J'aime bien Alexandre Aja, depuis toujours. Cela écrit, il serait malhonnête de ne pas voir que depuis son brillant « La Colline de ses yeux », la qualité de sa production a fortement baissé, son quelque peu surestimé « Piranha » compris. Du coup, c'est avec plaisir que je suis allé voir en salles ce « Crawl », tout en sachant globalement à quoi m'attendre : on parle quand même d'un père et sa fille bloqués dans une maison infestée d'alligators... Et franchement, j'ai à la fois vu ce que j'aime chez ce réalisateur et ce qui limite depuis mal d'années sa filmographie. D'un côté, celui-ci sait vraiment bien exploiter son décor, rendant assez oppressant ce quasi huit-clos plutôt efficace et sans doute pas évident à tourner. Il sait rendre un synopsis a priori indigent (des méchants alligators, donc) à peu près potable, évitant à peu près d'en faire des êtres trop malfaisants, surtout des créatures auxquelles il faut échapper (ou tuer) pour s'en sortir. Il sait également donner juste ce qu'il faut de traits de caractère à ses deux héros pour en faire de bons personnages du genre : des problèmes familiaux, des difficultés à se parler... C'est assez basique et pas franchement original, mais suffisant pour leur donner un minimum de « sens » et de contexte, histoire qu'on s'y intéresse un peu. Enfin, le choix de Kaya Scodelario s'avère pour le moins judicieux : elle est à tomber, éclipsant sans mal un Barry Pepper (certes aussi limité par sa situation physique) peu mémorable. De l'autre, j'ai beau être donc relativement indulgent avec ce scénario pas si mal foutu, on est quand même en droit d'attendre un peu plus d'Aja que de la bonne grosse série B sans grande ambition, pas si loin du cinéma bis par certains aspects
(la nana à la jambe déchiquetée parvient dans un élan d'abnégation et de courage à nager plus vite que le bestiau : Alex, sérieux ? Vraiment?)
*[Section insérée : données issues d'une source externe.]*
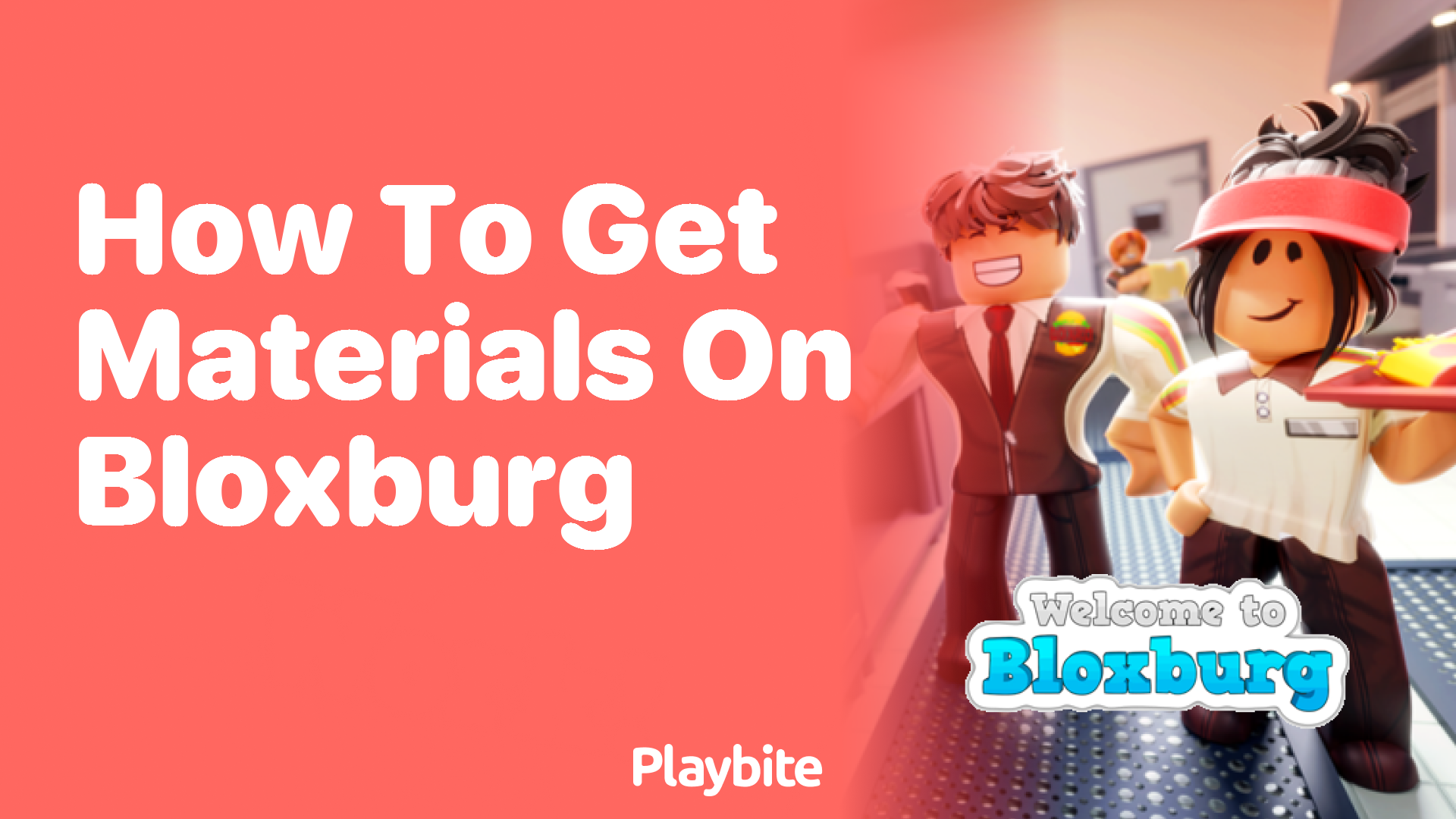 How to Get Materials on Bloxburg - Playbite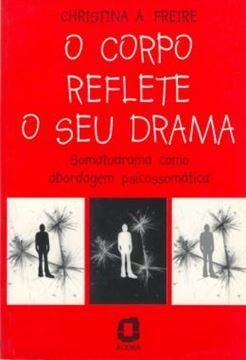 Imagem de CORPO REFLETE SEU DRAMA, O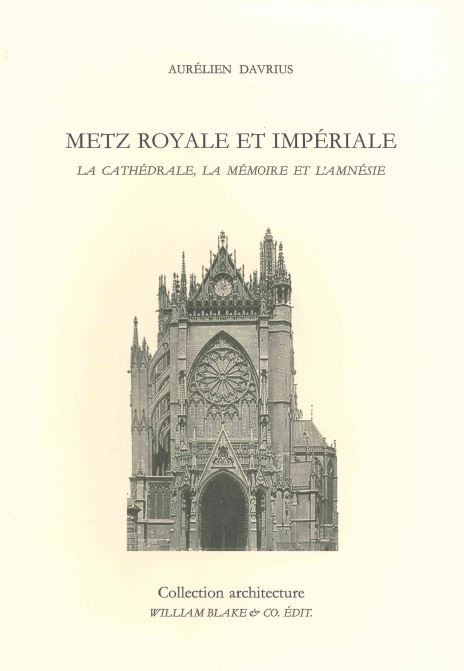 Metz royale et impériale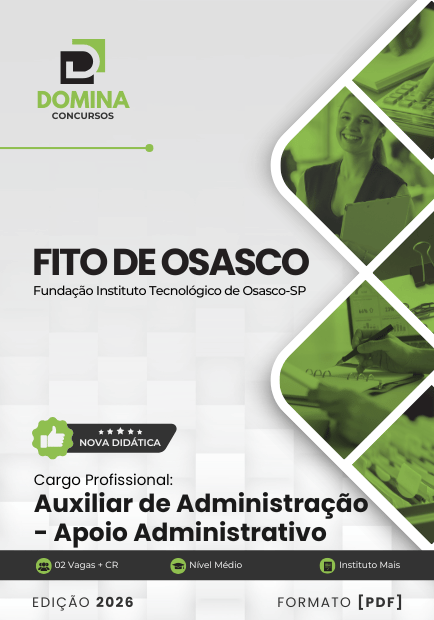 Apostila Auxiliar de Administração Apoio Administrativo FITO SP 2026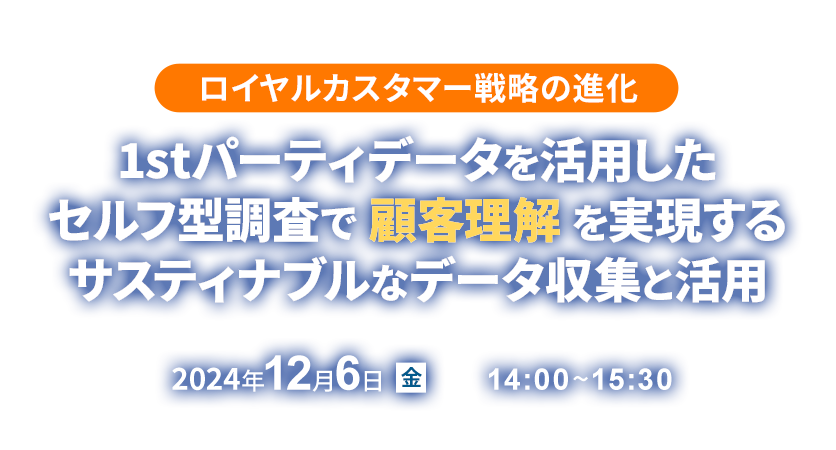 2024年12月6日開催『ロイヤルカスタマー戦略の進化：1stパーティデータを活用したセルフ型調査で顧客理解を実現するサスティナブルなデータ収集と活用』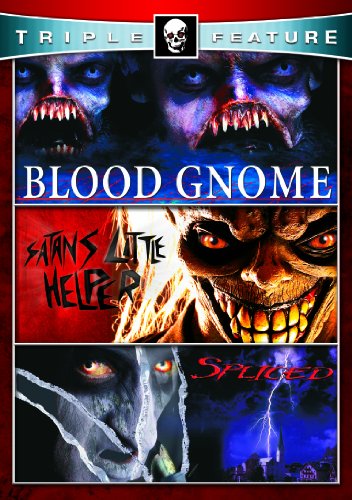 Satan's Little Helper & Spliced & Blood Gnome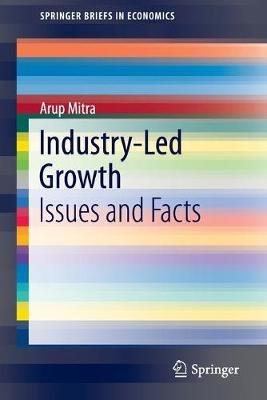 Industry-Led Growth: Issues and Facts - Arup Mitra - cover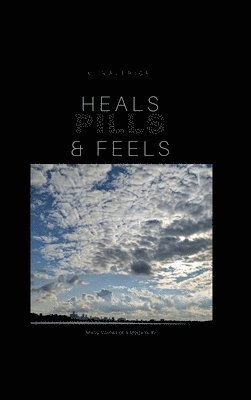 bokomslag Heals, Feels & Pills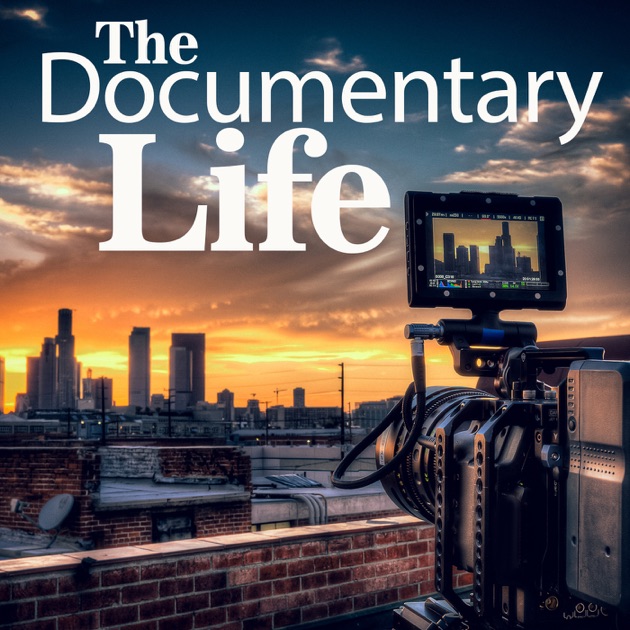 The Documentary Life by The Documentary Life on Apple Podcasts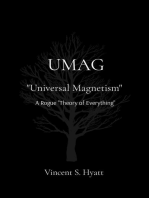 UMAG: "Universal Magnetism"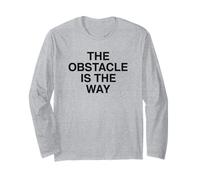 The Obstacle Is the Way Citation stoïque Design Manche Longue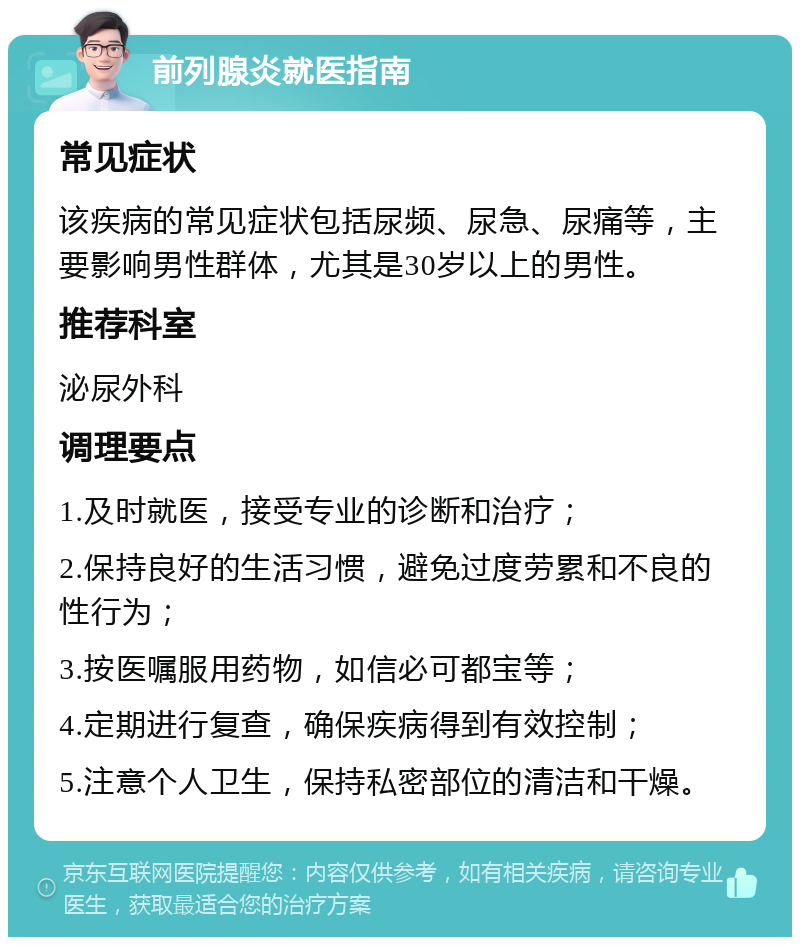 前列腺炎就医指南 常见症状 该疾病的常见症状包括尿频、尿急、尿痛等，主要影响男性群体，尤其是30岁以上的男性。 推荐科室 泌尿外科 调理要点 1.及时就医，接受专业的诊断和治疗； 2.保持良好的生活习惯，避免过度劳累和不良的性行为； 3.按医嘱服用药物，如信必可都宝等； 4.定期进行复查，确保疾病得到有效控制； 5.注意个人卫生，保持私密部位的清洁和干燥。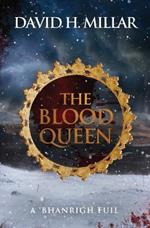 The Blood Queen: A 'Bhanrigh Fuil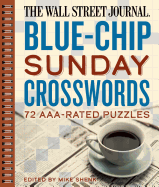 The Wall Street Journal Blue-Chip Sunday Crosswords: 72 Aaa-Rated Puzzles Volume 2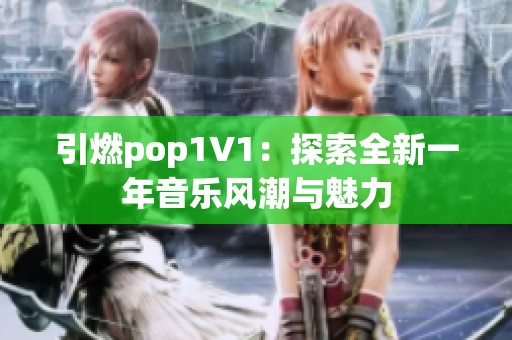 引燃pop1∨1：探索全新一年音乐风潮与魅力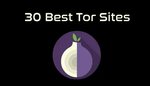30 Best Tor Sites for Any and Everything you'll Ever Need! -
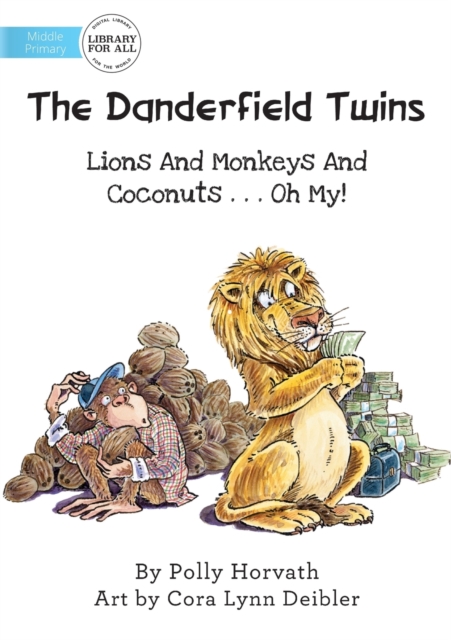 The Danderfield Twins : Lions And Monkeys And Coconuts, Oh My!, Paperback / softback Book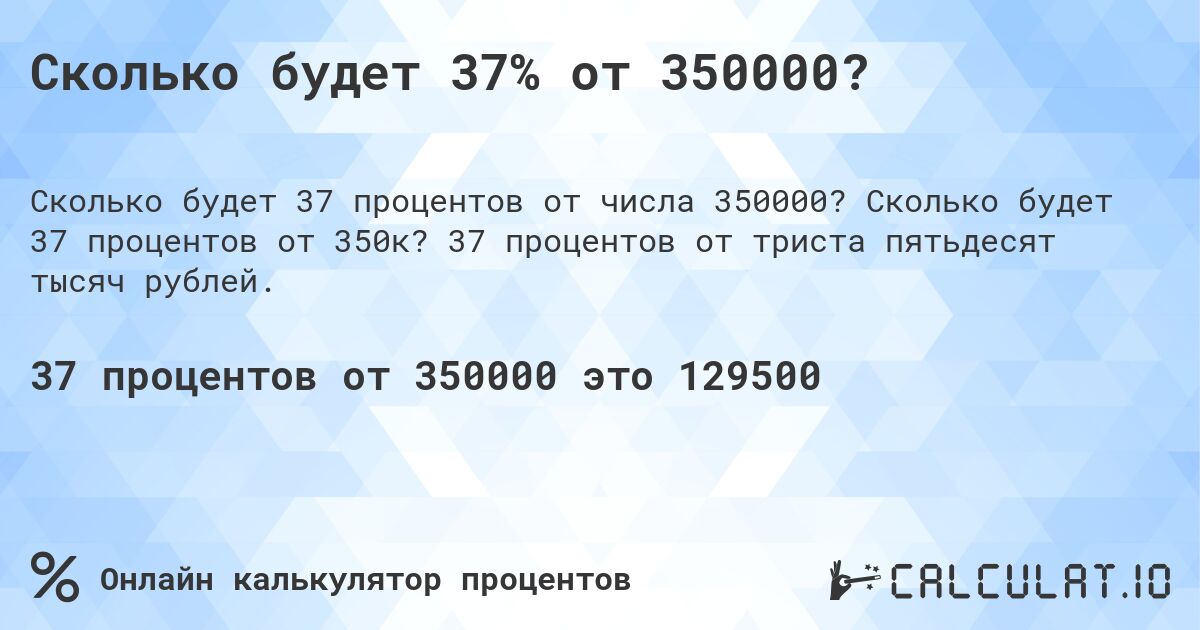 Сколько будет 37% от 350000?. Сколько будет 37 процентов от 350к? 37 процентов от триста пятьдесят тысяч рублей.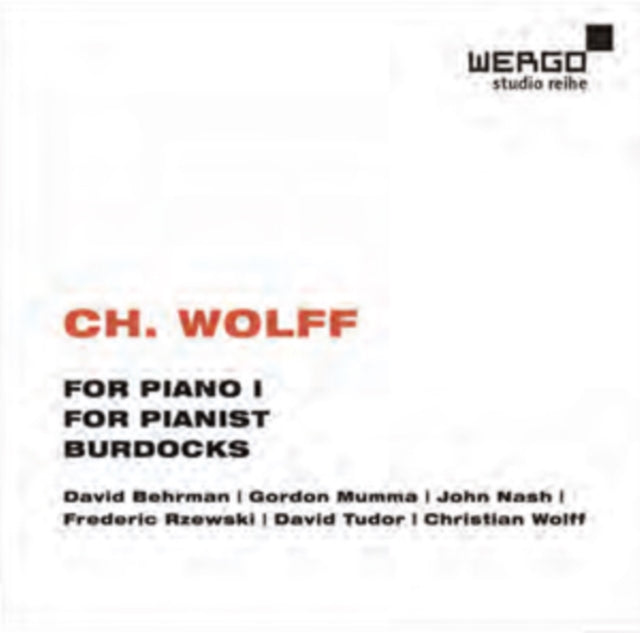 CH. Wolff: For Piano 1/For Pianist/Burdocks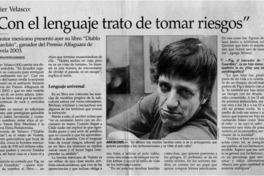 "Con el lenguaje trato de tomar riesgos"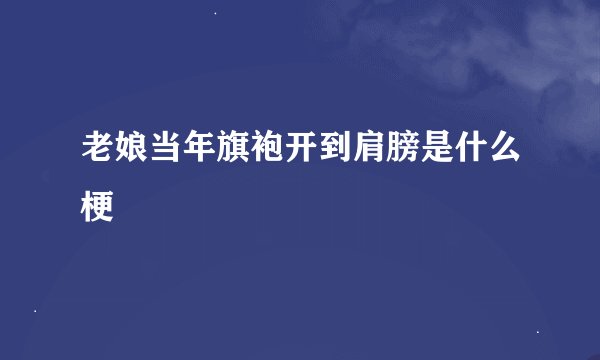 老娘当年旗袍开到肩膀是什么梗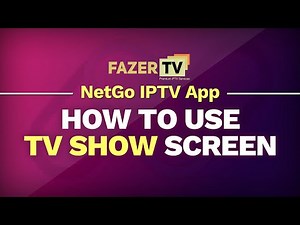 NetGo IPTV App: How to Use the TV Show Screen - FazerTV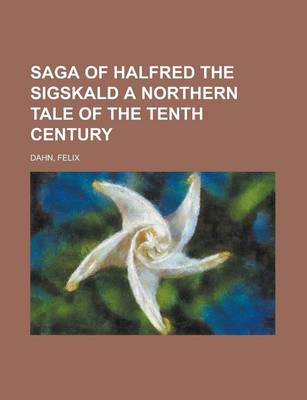 Book cover for Saga of Halfred the Sigskald a Northern Tale of the Tenth Century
. Il faut également arrêter de faire des antagonistes de cinéma les requins, crocodiles et autres carnivores : même s'il ne faut évidemment pas y voir une cabale anti-animaux, je trouve ça tellement d'un autre âge, alors qu'il aurait été beaucoup plus intéressant de faire basculer le récit vers le fantastique à travers des créatures imaginaires. Enfin, et en revanche c'est assez nouveau : aucun humour ou presque, alors qu'un peu de légèreté n'aurait nullement fait de mal à un projet déjà assez improbable à la base... Bref, du bon et du moins bon. La maîtrise d'Aja, dans l'image comme l'écriture, permet d'éviter sans mal le naufrage total, ce qui était loin d'être gagné. Par ailleurs, on a toujours un sentiment de frustration, voire de léger gâchis en voyant l'ami Alexandre si rarement offrir de projets réellement excitants, à moins que l'échec de « La Neuvième Vie de Louis Drax » ne l'ait dissuadé de retenter de sitôt une œuvre résolument ambitieuse... Au moins prend-il visiblement du plaisir dans ce qu'il fait et nous en donne un minimum. En espérant toutefois qu'il ne se limitera pas à ça pour nous offrir, enfin, un nouveau projet digne de ce nom.